20mL water and 10mL ethyl acetate extracting operation are added, anhydrous sodium sulfate drying is then added, after five minutes mistake
Filter, filter cake washs (5mL x 3 times) with ethyl acetate, then spins off solvent, obtained after column chromatography for separation product (eluant, eluent:
Petroleum ether: ethyl acetate=6:1), product is yellow liquid, yield 65%;
The data of the nuclear magnetic resonance spectroscopy of products therefrom are as follows:
1H NMR(500MHz,CDCl3)δ9.97(s,1H),7.77-7.70(m,4H),3.47-3.44(m,1H),3.17-
3.11(m,1H),2.68(s,1H),2.25-2.15(m,2H),1.79-1.67(m,2H),1.57-1.27(m,4H);
The data of the carbon-13 nmr spectra of products therefrom are as follows:
13C NMR(500MHz,CDCl3)δ191.6,137.9,135.2,133.9,129.9,73.1,53.7,34.3,
33.6,26.8,24.4。
Embodiment 7
The synthesis of 2- (1- naphthalene) cyclohexanol
At room temperature, by 1- naphthalene virtue boric acid (0.4mmol), selenium (1.2mmol, 3equiv), copper chloride (0.04mmol), nitre
Sour silver (0.2mmol, 0.5equiv), reaction dissolvent 2mL DMSO are added in reaction tube, stir under 120 DEG C of reaction temperatures
12h;Then by potassium tert-butoxide (0.8mmol, 2equiv), epoxyethane derivative (1.2mmol, 3equiv) is added to reaction tube
In, it is stirred for 12h under 120 DEG C of reaction temperatures, is terminated by thin-layer chromatography monitoring reaction, obtains 2- (1- naphthalene) cyclohexanol.
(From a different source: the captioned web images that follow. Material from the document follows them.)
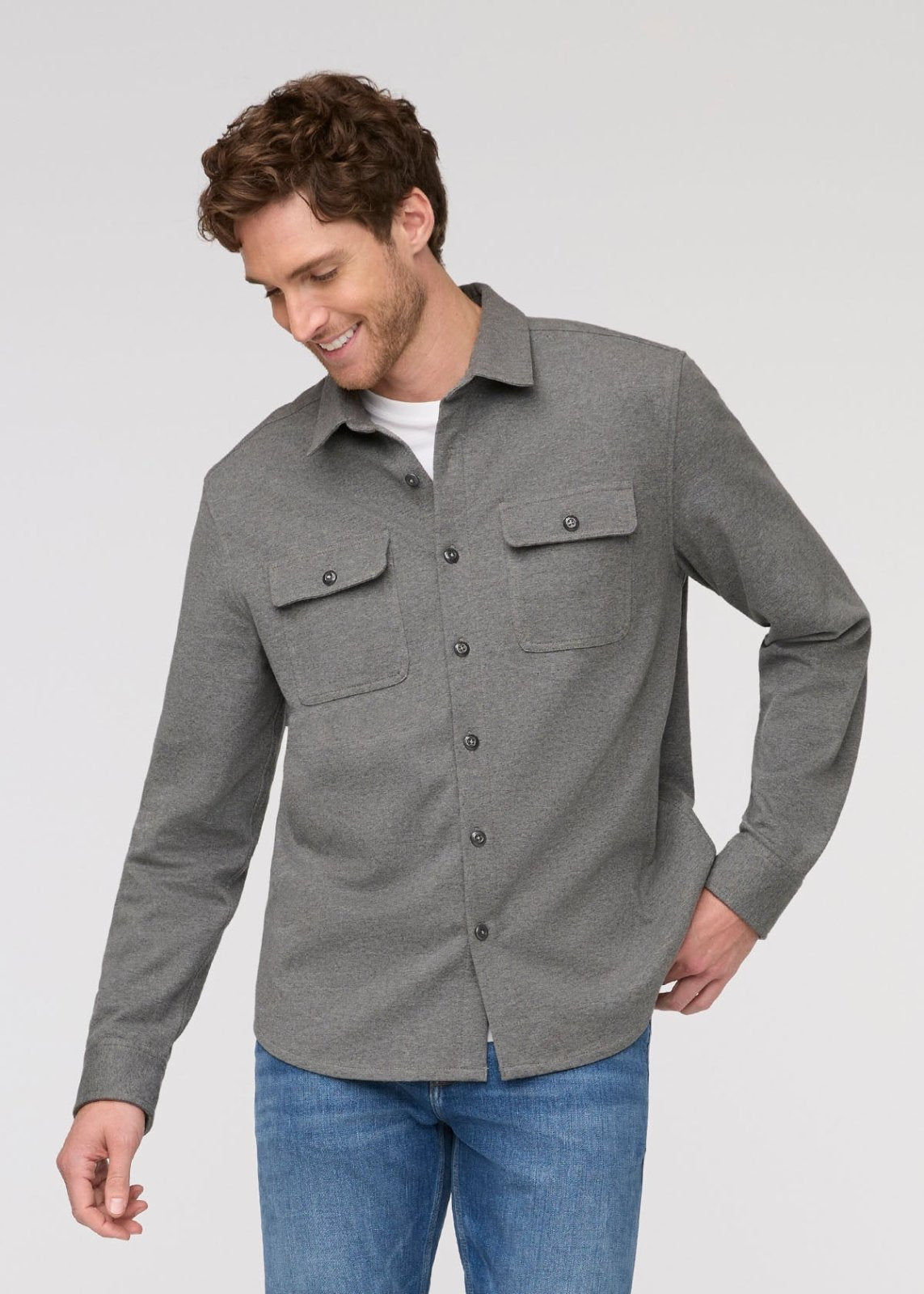 mens heather grey flannel button down front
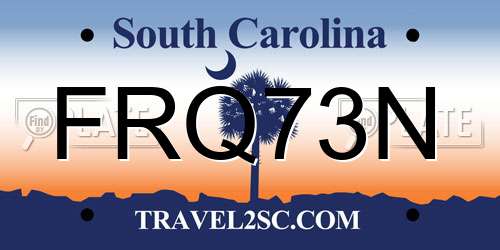 FRQ73N South Carolina License Plate
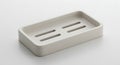 Rectangular white soap dish with drainage slots, ai generated Royalty Free Stock Photo
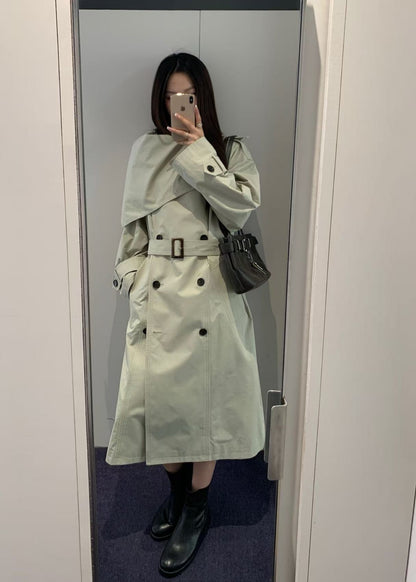 Scarf-layered Trench Coat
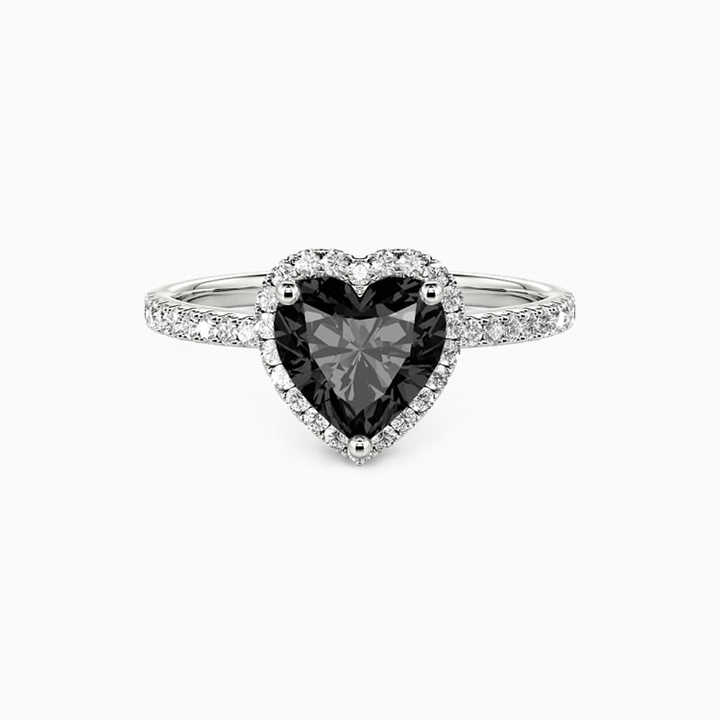 Filomina Black Diamond 3 Prong Engagement Ring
20mL water and 10mL ethyl acetate extracting operation are added, anhydrous sodium sulfate drying is then added, after five minutes mistake
Filter, filter cake washs (5mL x 3 times) with ethyl acetate, then spins off solvent, obtained after column chromatography for separation product (eluant, eluent:
Petroleum ether: ethyl acetate=6:1), product is yellow liquid, yield 67%;
The data of the nuclear magnetic resonance spectroscopy of products therefrom are as follows:
1H NMR(400MHz,CDCl3) δ 8.50 (d, J=8.50Hz, 1H), 7.90 (d, J=7.10Hz, 1H), 7.89-
7.91 (m, 2H), 7.56 (t, J=8.0Hz, 1H), 7.50 (t, J=8.0Hz, 1H), 7.37 (t, J=7.50Hz, 1H), 3.46-
3.41 (m, 1H), 3.05-3.00 (m, 1H), 2.89 (s, 1H), 2.12 (t, J=14.33Hz, 2H), 1.68-1.53 (m, 2H),
1.41-1.22(m,4H).
The data of the carbon-13 nmr spectra of products therefrom are as follows:
13C NMR(100MHz,CDCl3)δ136.0,135.7,134.1,129.5,128.6,128.4,127.0,126.9,
126.3,125.7,72.9,53.8,34.2,33.5,26.7,24.3。
Embodiment 8
The synthesis of 2- methyl-1-phenylseleno-2- propyl alcohol
At room temperature, by fragrant boric acid (0.4mmol), selenium (1.2mmol, 3equiv), copper chloride (0.04mmol), silver nitrate
(0.2mmol, 0.5equiv), reaction dissolvent 2mL DMSO are added in reaction tube, stir 12h under 120 DEG C of reaction temperatures;So
Afterwards by potassium tert-butoxide (0.8mmol, 2equiv), methyloxetane (1.2mmol, 3equiv) is added in reaction tube, at 120 DEG C
It is stirred for 12h under reaction temperature, is terminated by thin-layer chromatography monitoring reaction, obtains 2- methyl-1-phenylseleno-2- propyl alcohol.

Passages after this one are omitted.